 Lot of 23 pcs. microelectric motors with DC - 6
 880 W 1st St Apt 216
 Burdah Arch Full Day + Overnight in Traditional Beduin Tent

Instructions to follow: Everything in the material above needs to be transcribed exactly.

Exercise answer:
 Lot of 23 pcs. microelectric motors with DC - 6
 880 W 1st St Apt 216
 Burdah Arch Full Day + Overnight in Traditional Beduin Tent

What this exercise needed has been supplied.